[AVAILABLE DATA]

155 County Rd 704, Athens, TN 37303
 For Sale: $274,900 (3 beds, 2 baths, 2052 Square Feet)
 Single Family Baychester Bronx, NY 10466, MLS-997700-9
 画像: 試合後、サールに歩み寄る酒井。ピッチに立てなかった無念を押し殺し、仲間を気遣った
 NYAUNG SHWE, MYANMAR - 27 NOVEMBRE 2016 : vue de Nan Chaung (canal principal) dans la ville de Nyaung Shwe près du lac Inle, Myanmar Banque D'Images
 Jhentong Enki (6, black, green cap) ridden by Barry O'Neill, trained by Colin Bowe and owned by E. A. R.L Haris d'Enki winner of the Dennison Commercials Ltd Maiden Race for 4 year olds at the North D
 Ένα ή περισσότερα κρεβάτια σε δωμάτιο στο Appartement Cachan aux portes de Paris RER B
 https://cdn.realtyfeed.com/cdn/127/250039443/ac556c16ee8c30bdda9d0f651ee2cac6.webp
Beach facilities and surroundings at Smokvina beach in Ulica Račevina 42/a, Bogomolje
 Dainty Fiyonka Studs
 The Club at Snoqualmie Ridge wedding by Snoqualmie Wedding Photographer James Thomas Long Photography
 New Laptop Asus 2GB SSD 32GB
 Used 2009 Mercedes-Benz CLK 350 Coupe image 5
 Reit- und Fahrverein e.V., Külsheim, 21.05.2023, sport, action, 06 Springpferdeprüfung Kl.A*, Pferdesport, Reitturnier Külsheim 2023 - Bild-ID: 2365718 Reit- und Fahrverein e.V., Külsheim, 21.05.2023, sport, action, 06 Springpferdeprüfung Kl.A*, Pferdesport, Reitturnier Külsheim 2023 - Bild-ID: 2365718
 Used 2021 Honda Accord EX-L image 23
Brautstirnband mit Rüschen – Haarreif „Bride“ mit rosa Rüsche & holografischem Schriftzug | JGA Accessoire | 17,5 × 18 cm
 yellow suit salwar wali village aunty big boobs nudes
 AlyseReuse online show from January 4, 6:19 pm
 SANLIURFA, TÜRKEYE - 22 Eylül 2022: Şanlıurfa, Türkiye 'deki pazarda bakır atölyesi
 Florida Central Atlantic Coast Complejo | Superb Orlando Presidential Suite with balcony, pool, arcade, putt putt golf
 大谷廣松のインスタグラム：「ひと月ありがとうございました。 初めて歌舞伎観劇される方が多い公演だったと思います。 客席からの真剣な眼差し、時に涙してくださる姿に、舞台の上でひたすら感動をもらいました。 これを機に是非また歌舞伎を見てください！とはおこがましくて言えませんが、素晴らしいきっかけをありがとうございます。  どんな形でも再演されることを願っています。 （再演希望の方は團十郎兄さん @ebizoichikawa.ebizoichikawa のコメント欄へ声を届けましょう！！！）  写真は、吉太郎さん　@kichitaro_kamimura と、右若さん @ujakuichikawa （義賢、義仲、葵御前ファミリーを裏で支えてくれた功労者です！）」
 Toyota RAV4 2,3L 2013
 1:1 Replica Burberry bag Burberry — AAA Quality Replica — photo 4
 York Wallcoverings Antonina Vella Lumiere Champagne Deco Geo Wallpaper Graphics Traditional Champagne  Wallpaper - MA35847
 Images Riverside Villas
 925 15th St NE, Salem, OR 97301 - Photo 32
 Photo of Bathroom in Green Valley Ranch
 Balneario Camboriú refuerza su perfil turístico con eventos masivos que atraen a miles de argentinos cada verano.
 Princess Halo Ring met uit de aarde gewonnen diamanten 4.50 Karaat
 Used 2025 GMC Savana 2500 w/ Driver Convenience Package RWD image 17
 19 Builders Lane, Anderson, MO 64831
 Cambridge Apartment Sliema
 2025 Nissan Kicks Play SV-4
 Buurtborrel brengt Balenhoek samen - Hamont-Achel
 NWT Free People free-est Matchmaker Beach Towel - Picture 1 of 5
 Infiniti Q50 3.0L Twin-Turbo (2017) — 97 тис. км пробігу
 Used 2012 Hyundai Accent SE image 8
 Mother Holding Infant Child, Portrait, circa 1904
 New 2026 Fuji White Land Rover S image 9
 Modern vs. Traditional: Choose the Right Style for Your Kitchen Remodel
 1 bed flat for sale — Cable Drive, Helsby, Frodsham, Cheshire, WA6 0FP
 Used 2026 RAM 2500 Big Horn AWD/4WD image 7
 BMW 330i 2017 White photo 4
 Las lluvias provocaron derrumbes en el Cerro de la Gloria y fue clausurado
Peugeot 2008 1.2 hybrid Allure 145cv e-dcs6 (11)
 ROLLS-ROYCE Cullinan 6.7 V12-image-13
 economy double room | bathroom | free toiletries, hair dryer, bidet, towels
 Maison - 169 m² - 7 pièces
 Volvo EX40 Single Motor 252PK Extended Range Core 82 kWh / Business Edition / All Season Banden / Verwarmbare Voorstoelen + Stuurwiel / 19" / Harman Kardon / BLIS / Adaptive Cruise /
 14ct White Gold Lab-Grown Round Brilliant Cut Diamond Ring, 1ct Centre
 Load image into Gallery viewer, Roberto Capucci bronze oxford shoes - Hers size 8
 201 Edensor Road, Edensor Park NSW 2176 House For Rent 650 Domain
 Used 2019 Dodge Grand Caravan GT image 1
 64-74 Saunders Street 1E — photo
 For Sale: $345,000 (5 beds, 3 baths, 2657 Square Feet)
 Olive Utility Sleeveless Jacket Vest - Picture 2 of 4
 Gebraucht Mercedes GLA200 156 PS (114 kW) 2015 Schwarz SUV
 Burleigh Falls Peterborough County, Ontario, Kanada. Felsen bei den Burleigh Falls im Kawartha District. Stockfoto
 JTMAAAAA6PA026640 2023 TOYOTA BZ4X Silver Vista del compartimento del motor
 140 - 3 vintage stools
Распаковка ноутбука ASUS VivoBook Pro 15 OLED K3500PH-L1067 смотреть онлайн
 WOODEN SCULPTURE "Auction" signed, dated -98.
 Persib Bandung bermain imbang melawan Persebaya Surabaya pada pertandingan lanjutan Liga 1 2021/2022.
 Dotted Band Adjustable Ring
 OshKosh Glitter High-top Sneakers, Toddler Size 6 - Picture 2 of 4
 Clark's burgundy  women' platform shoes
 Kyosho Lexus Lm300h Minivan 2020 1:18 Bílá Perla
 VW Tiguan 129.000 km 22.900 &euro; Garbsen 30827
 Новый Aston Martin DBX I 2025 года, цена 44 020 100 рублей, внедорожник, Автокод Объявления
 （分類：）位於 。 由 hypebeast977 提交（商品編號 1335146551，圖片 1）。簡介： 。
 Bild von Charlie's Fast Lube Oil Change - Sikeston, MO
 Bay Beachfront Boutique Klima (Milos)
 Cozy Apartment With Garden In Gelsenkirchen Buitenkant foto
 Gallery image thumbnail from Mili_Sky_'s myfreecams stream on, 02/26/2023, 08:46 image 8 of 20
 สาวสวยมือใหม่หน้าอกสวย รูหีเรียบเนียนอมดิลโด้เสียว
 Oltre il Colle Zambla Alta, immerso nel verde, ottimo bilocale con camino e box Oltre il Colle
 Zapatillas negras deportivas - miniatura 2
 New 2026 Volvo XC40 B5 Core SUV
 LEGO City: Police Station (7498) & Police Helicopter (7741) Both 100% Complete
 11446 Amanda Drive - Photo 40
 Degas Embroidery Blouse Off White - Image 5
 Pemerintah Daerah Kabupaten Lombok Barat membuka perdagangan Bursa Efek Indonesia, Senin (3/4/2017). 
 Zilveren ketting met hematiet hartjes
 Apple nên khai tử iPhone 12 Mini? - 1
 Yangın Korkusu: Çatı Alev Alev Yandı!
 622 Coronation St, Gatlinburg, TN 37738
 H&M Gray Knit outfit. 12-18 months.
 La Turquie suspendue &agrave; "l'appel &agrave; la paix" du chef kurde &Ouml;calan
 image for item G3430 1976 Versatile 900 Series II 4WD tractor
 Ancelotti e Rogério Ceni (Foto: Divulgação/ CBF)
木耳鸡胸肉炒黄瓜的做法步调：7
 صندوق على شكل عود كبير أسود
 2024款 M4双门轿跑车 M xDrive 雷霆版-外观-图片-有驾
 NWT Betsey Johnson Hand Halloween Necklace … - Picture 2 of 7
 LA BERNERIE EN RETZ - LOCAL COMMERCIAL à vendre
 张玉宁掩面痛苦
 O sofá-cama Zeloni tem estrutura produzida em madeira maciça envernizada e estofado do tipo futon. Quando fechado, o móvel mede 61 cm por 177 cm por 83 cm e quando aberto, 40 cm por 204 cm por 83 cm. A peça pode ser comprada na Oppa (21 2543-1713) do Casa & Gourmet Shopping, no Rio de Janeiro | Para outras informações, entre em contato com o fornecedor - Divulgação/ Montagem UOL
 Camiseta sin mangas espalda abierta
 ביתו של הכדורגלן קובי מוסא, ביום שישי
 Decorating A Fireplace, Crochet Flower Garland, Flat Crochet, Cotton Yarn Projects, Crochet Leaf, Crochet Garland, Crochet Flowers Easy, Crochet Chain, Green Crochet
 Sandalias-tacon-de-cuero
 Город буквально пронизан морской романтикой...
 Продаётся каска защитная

[WORK ITEM] Please tally the lines of the listing that include the string "Traditional". The number is the whole answer.

[TASK ANSWER] 2